▶ [Try it]:
The whole listing below must be printed again exactly, images excluded.

▶ [Dataset section]:

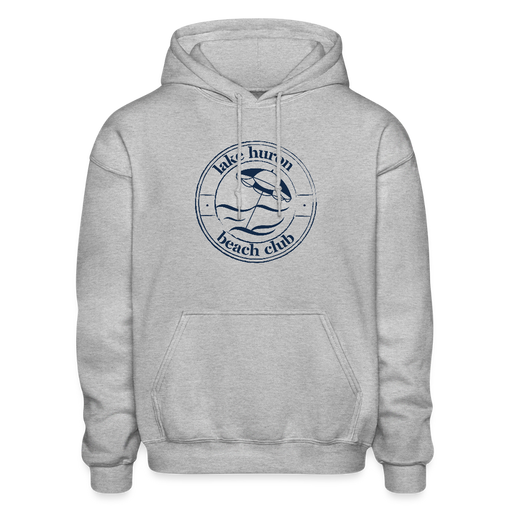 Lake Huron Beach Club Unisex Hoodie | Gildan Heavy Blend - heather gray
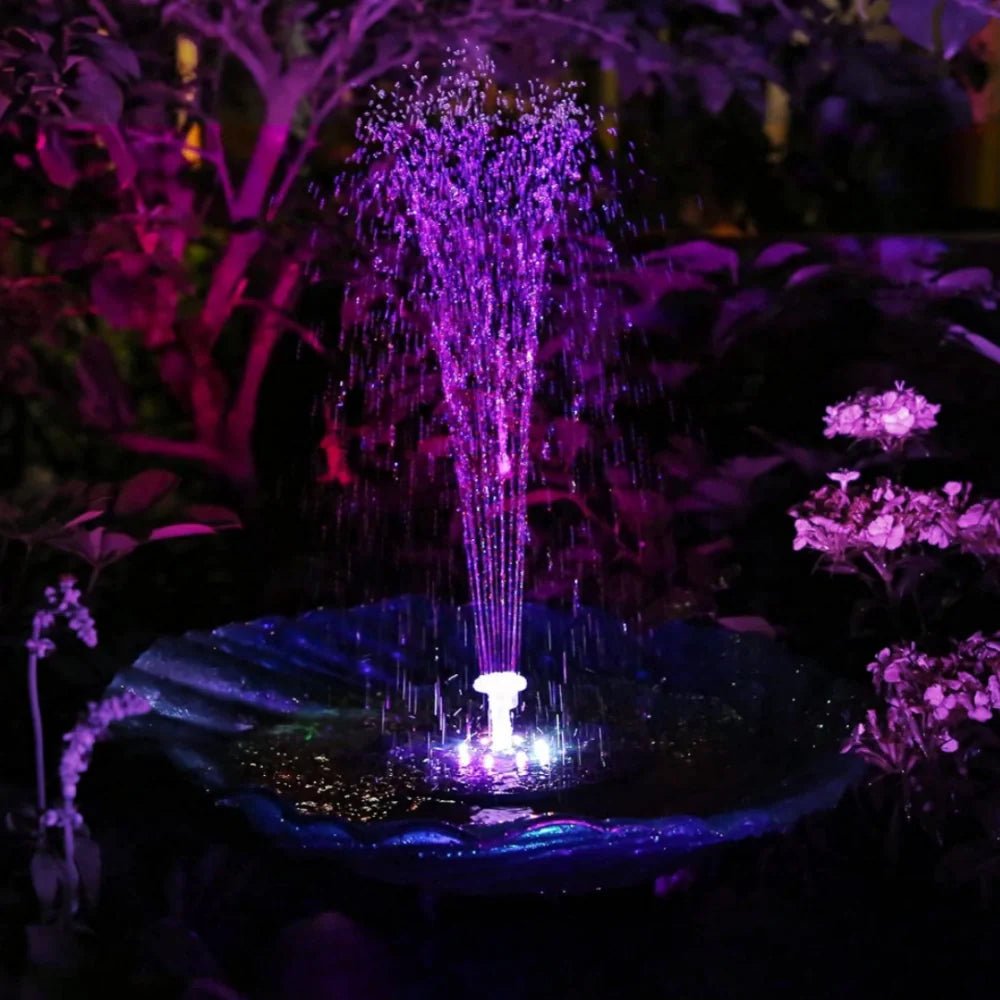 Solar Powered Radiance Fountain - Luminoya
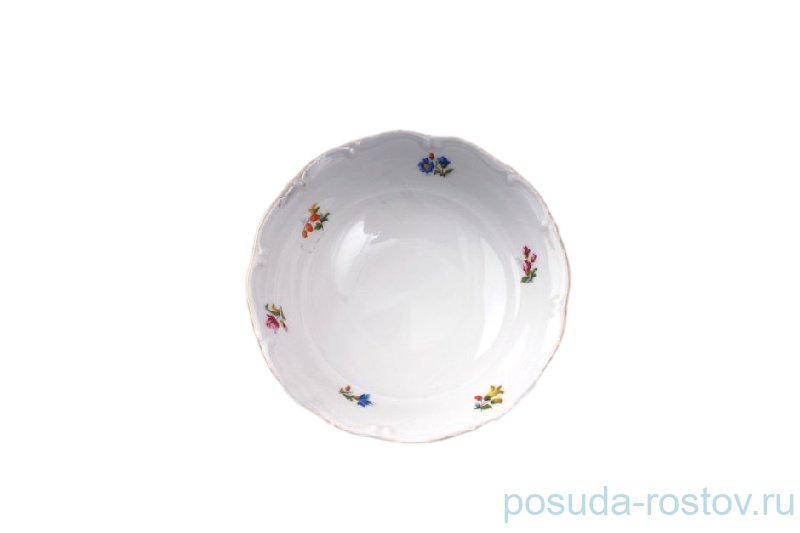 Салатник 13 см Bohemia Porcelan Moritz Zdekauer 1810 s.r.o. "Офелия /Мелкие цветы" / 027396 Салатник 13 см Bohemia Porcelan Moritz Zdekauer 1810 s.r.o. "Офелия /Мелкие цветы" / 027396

▶ [Result]:
 Lake Huron Beach Club Unisex Hoodie | Gildan Heavy Blend - heather gray
 Solar Powered Radiance Fountain - Luminoya
 Салатник 13 см Bohemia Porcelan Moritz Zdekauer 1810 s.r.o. "Офелия /Мелкие цветы" / 027396 Салатник 13 см Bohemia Porcelan Moritz Zdekauer 1810 s.r.o. "Офелия /Мелкие цветы" / 027396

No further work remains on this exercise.